Aim of the task:
If a record below holds a picture, leave the picture out and copy the rest exactly.

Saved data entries
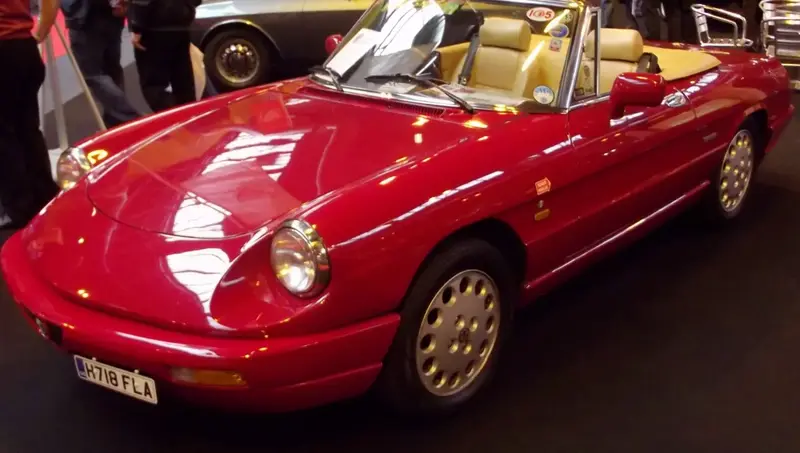 Alfa Romeo Spider - 6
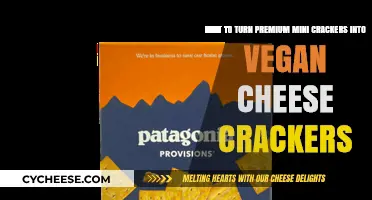 Transform Premium Mini Crackers into Vegan Cheese Snacks Easily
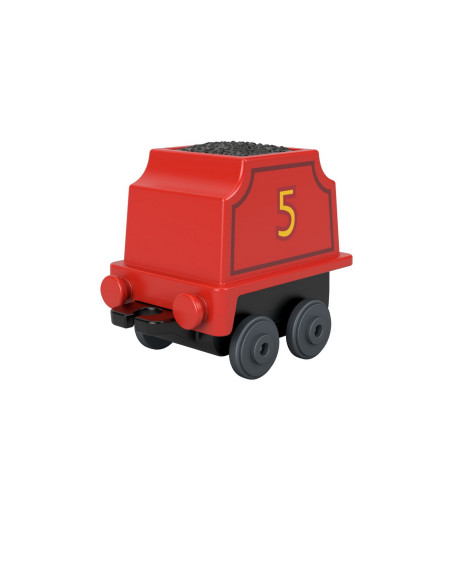 MTHFX91_HDY62,Thomas Locomotiva Cu Vagon Push Along James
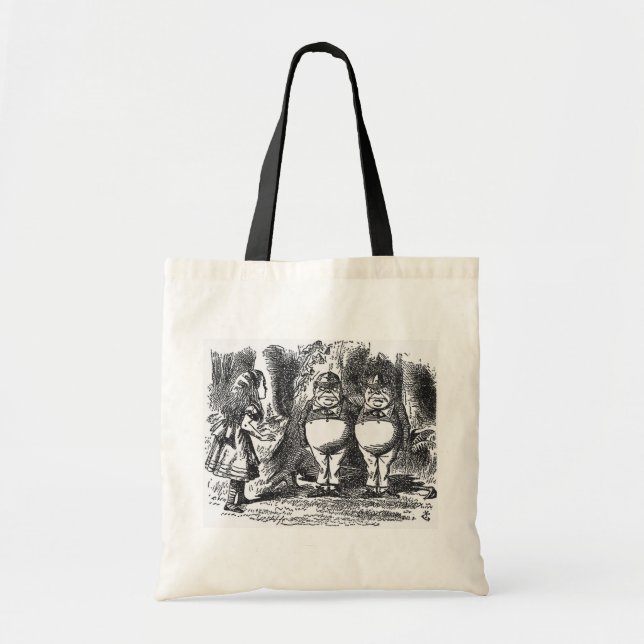 Alice i Wonderland Tygkasse (Framsidan)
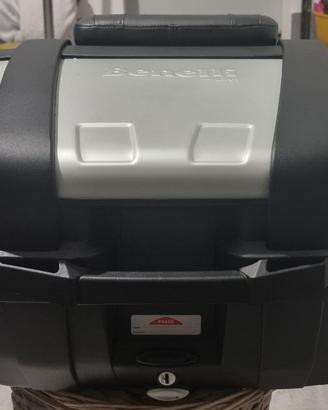 bauletto  GIVI  52 Trakker con piastra e schienale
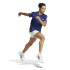 T-shirt par Running adidas Own The Run Homme Bleu foncé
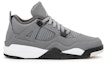 Order (PS) Air Jordan 4 Retro 2019 'Cool Grey' Lelaki & Wanita Sneaker Kelabu Klasik BQ7669-007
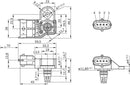 Bosch Map Sensor Part No - 0261230302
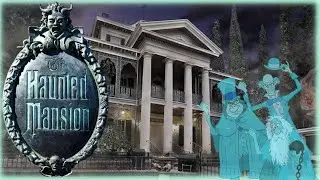 DISNEYLAND! Headed to The Haunted Mansion with Full Ride Through POV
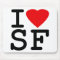I Love Heart San Francisco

Task response:
 Alfa Romeo Spider - 6
 Transform Premium Mini Crackers into Vegan Cheese Snacks Easily
 MTHFX91_HDY62,Thomas Locomotiva Cu Vagon Push Along James
 Alice i Wonderland Tygkasse (Framsidan)
 bauletto  GIVI  52 Trakker con piastra e schienale
 T-shirt par Running adidas Own The Run Homme Bleu foncé
 Order (PS) Air Jordan 4 Retro 2019 'Cool Grey' Lelaki & Wanita Sneaker Kelabu Klasik BQ7669-007
 Bosch Map Sensor Part No - 0261230302
 DISNEYLAND! Headed to The Haunted Mansion with Full Ride Through POV
I Love Heart San Francisco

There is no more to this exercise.